(Provided material)

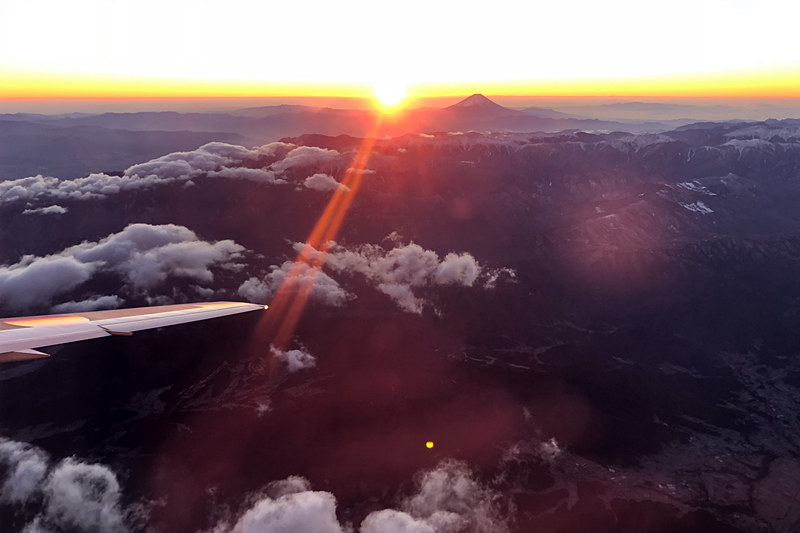 急速に空が明るくなる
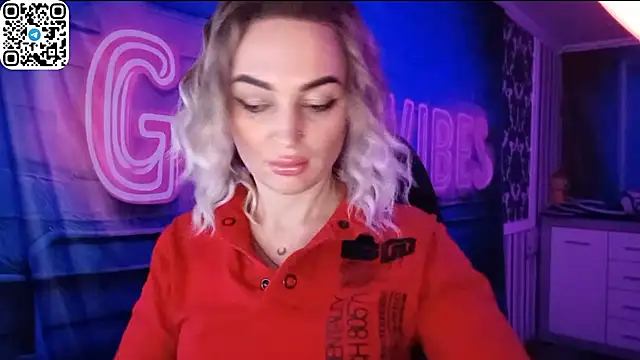 Snapshot of Vellora_ chatting on 02-23-26, 06:08 Vellora online show from 02-23-26, 06:08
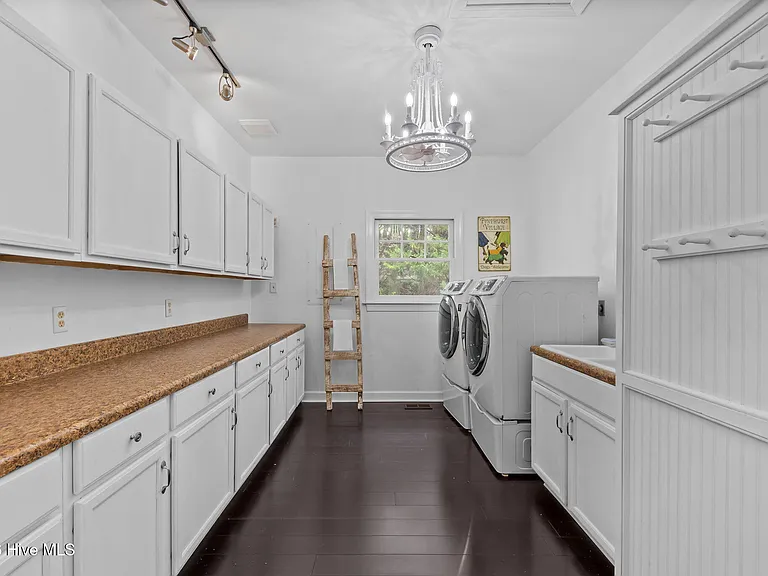 25 McLeod Rd — Photo 30
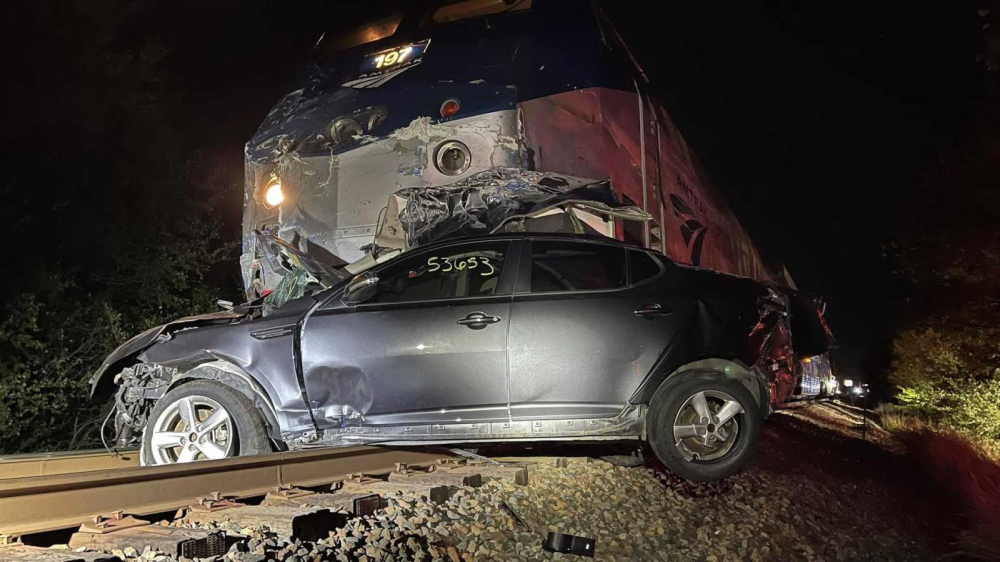 Tàu Amtrak bị trật đường ray và hư hỏng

(End Provided material)

How to complete this task - When you return the listing, keep each line exact and leave the pictures out.

Your response -
 急速に空が明るくなる
 Snapshot of Vellora_ chatting on 02-23-26, 06:08 Vellora online show from 02-23-26, 06:08
 25 McLeod Rd — Photo 30
 Tàu Amtrak bị trật đường ray và hư hỏng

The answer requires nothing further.